The Bureau of Industry and Security this week renewed the temporary denial order for Belavia Belarusian Airlines, Belarus' state-owned national airline. BIS first suspended the export privileges of the airline in June (see 2206160015), barring it from participating in transactions with items subject to the Export Administration Regulations. The agency renewed the denial order for another 180 days on Dec. 13 after finding Belavia continues to illegally operate aircraft subject to the EAR, including for flights between Russia, Belarus, Turkey and the United Arab Emirates.
The Office of Foreign Assets Control designated 18 entities related to Russia's financial services sector, according to a Dec. 15 press release. The State Department also issued a set of Russia sanctions, primarily targeting oligarch Vladimir Potanin, three members of his immediate family and his business network, the department said in a Dec. 15 press release.
The State Department is proposing to expand the definition of activities that are not exports, reexports, retransfers or temporary imports by adding two new entries, the agency said in a notice released Dec. 15. One new entry would be the “taking of defense articles outside a previously approved country by the armed forces of a foreign government” or U.N. personnel on a “deployment or training exercise,” the State Department said. The second entry would be a foreign defense item that enters the U.S. but is subsequently exported under a license, provided it has not been “modified, enhanced, upgraded, or otherwise altered or improved or had a U.S.-origin defense article integrated into it.”

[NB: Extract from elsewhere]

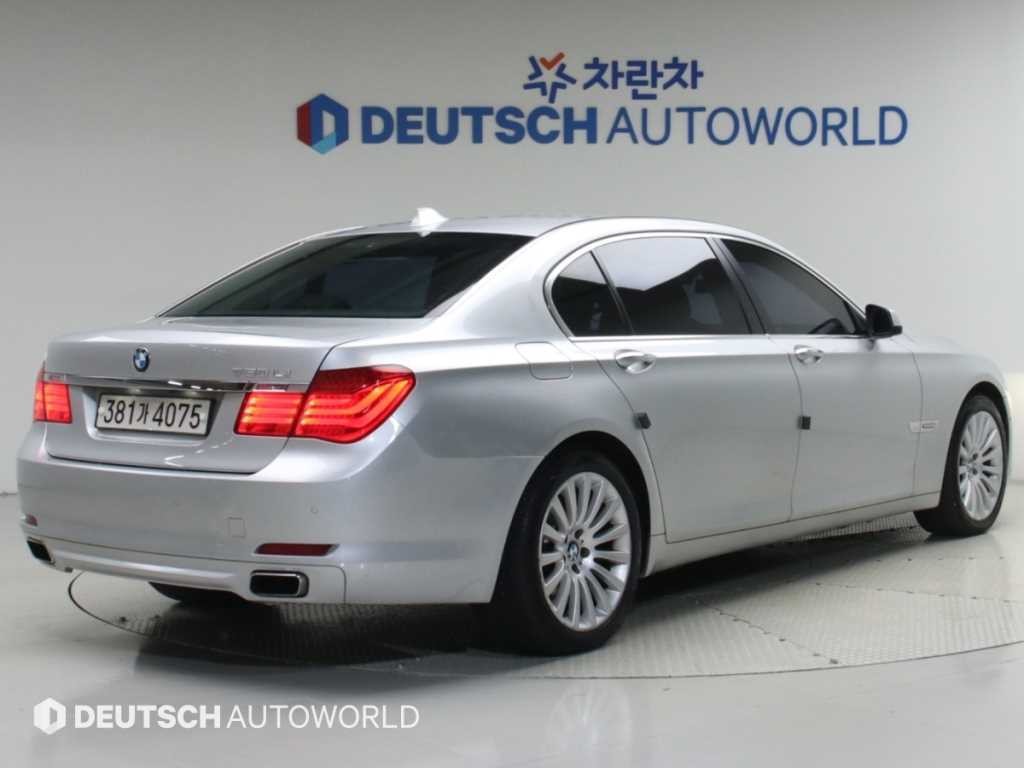 BMW 7시리즈 7시리즈 (F01) 740 Li 이미지 2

The Bureau of Industry and Security added a host of Chinese and Russian entities to the Entity List, including top Chinese chipmaker Yangtze Memory Technologies Co. and leading Chinese artificial intelligence firms, the agency said in a pair of notices released Dec. 15. The new restrictions on the Chinese firms are aimed at “severely restricting” China’s ability to leverage AI, advanced computing and other commercial technologies for its military or human rights abuses, BIS Undersecretary Alan Estevez said. The agency added the Russian entities to the list after it was unable to complete end-use checks. The changes took effect Dec. 16.